Fig. 3(b) shows the C++ code generated from the pipelined RTL code of the DCT component. The RTL signals implementing the pipeline stages are translated into C++ static variables ( $coef\_pipe[$ ] in the example). As a consequence, for returning the first results, the C++ function implementing the DCT module must be invoked as many time as the number of pipeline stages (see Fig. 3(c)). Then, after such a kind of *functional latency*, each function invocation returns one result.
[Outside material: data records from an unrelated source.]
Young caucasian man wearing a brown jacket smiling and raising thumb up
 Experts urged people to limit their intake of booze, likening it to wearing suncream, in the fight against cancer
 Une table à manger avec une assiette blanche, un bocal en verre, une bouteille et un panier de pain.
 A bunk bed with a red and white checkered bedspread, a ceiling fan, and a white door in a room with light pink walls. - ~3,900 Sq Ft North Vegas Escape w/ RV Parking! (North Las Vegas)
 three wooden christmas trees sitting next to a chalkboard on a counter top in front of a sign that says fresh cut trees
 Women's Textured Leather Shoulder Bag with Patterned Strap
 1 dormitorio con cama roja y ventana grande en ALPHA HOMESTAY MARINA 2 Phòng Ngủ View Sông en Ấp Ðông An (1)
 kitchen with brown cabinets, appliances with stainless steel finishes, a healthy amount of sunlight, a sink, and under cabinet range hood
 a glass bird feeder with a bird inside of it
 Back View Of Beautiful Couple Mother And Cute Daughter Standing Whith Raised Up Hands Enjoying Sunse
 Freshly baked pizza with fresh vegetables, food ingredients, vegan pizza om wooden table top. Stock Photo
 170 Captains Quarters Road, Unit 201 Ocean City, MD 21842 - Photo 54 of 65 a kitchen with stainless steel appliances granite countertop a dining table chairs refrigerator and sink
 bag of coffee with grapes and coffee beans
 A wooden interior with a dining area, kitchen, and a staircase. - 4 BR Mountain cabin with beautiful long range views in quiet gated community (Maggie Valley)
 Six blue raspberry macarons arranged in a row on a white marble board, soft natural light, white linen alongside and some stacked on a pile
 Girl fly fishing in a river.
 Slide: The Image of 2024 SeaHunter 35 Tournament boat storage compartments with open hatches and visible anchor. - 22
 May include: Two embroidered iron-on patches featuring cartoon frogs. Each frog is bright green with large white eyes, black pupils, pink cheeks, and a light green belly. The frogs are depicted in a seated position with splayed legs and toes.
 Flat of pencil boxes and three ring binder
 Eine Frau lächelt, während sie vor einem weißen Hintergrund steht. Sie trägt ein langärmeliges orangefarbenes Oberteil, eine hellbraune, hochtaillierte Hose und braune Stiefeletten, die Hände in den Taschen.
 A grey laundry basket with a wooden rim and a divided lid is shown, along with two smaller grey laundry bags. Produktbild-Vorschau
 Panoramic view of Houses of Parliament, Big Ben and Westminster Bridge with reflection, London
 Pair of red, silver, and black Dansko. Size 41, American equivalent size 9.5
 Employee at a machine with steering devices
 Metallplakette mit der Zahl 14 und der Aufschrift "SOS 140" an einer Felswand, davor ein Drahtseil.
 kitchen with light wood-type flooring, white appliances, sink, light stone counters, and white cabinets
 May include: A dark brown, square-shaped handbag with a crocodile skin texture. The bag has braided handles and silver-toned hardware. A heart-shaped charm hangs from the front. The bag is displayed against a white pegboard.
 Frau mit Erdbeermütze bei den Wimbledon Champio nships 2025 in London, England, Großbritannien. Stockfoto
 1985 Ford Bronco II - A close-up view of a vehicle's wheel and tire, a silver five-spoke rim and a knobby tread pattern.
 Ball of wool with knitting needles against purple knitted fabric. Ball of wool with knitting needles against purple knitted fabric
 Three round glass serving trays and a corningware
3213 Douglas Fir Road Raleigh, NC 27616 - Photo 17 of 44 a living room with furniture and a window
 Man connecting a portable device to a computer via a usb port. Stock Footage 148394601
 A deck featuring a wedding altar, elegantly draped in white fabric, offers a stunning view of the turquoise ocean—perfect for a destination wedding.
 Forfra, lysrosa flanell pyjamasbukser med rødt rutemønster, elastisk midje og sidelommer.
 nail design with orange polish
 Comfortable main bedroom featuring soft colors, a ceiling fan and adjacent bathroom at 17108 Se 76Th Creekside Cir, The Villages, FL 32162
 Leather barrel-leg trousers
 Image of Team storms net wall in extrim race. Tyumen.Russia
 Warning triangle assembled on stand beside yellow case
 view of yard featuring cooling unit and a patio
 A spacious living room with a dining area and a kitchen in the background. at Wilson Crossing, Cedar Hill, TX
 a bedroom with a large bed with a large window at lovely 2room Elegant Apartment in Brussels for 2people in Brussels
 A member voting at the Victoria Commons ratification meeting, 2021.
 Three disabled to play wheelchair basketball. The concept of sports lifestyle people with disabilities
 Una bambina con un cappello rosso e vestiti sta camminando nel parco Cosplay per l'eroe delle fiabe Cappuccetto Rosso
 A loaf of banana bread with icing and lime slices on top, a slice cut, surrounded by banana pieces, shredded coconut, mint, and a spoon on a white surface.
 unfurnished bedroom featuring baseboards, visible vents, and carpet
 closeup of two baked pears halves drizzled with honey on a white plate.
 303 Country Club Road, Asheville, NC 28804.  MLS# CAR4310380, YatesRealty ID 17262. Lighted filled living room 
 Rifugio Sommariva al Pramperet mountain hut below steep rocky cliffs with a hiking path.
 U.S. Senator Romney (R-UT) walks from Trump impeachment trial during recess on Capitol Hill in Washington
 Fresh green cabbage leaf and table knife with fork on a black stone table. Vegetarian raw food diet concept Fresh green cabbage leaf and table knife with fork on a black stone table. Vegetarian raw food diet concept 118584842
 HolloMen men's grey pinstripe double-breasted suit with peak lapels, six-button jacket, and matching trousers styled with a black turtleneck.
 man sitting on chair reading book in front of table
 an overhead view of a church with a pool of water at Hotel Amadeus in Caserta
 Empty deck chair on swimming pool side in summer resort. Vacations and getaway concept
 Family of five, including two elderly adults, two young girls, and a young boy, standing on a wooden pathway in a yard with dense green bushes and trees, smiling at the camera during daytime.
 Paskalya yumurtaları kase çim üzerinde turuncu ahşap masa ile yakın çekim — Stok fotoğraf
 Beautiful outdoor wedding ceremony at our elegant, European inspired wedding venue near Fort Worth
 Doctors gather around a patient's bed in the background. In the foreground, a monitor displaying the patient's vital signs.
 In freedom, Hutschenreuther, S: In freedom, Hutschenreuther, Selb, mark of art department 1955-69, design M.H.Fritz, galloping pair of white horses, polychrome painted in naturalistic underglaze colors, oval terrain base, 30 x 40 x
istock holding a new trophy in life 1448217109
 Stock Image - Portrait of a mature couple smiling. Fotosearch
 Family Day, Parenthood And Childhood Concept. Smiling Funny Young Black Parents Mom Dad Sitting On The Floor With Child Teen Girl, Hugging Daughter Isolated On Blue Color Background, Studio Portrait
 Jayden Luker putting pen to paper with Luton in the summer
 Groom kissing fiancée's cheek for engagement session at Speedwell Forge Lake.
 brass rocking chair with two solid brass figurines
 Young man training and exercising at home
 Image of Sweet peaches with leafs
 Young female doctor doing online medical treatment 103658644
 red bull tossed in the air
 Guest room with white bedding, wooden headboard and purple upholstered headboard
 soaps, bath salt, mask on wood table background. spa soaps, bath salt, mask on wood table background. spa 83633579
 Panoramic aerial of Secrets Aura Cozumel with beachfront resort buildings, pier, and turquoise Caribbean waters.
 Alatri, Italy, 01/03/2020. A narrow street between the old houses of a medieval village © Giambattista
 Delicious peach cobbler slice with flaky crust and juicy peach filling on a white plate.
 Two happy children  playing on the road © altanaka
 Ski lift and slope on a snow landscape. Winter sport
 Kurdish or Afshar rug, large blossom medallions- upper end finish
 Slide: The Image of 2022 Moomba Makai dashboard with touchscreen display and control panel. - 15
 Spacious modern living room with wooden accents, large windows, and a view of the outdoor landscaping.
#### 2.1 The static scheduling in the C++ code

The RTL-to-C++ abstraction consists of mapping each synchronous process ps of the RTL model  $M_{RTL}$  into a C++ function fs of the C++ model  $M_{C++}$ , where each sequential statement of the process is mapped into a C++ statement. The translation of RTL statements into C++ statements is merely syntactic and the order of statements in the RTL process is preserved in the C++ function.

In the same way, each asynchronous process or global statement (i.e., statement outside synchronous processes) of  $M_{RTL}$  is mapped into a C++ function fa of  $M_{C++}$ .

Then, RTL signals are mapped into C++ variables, by preserving the corresponding data width and type. In certain specific cases, as explained in Section 2.2, signals are mapped into *static* variables to preserve the IP semantics. For the sake of clarity and without loss of generality, we do not dwell on other hardware description language declarations (e.g., variables, constants, subprograms, etc.) for which the RTL semantics is easily mappable into the C++ semantics.

Data types used at RTL, which are bit-accurate and implement the multi-value logic, are maintained in the generated C++ implementation. Different libraries of such bit-accurate data types and corresponding operators are available (e.g., Accellera Systems Initiative [2], Mentor [12], etc.). The proposed approach is independent of the data type library and any of those already existing can be adopted.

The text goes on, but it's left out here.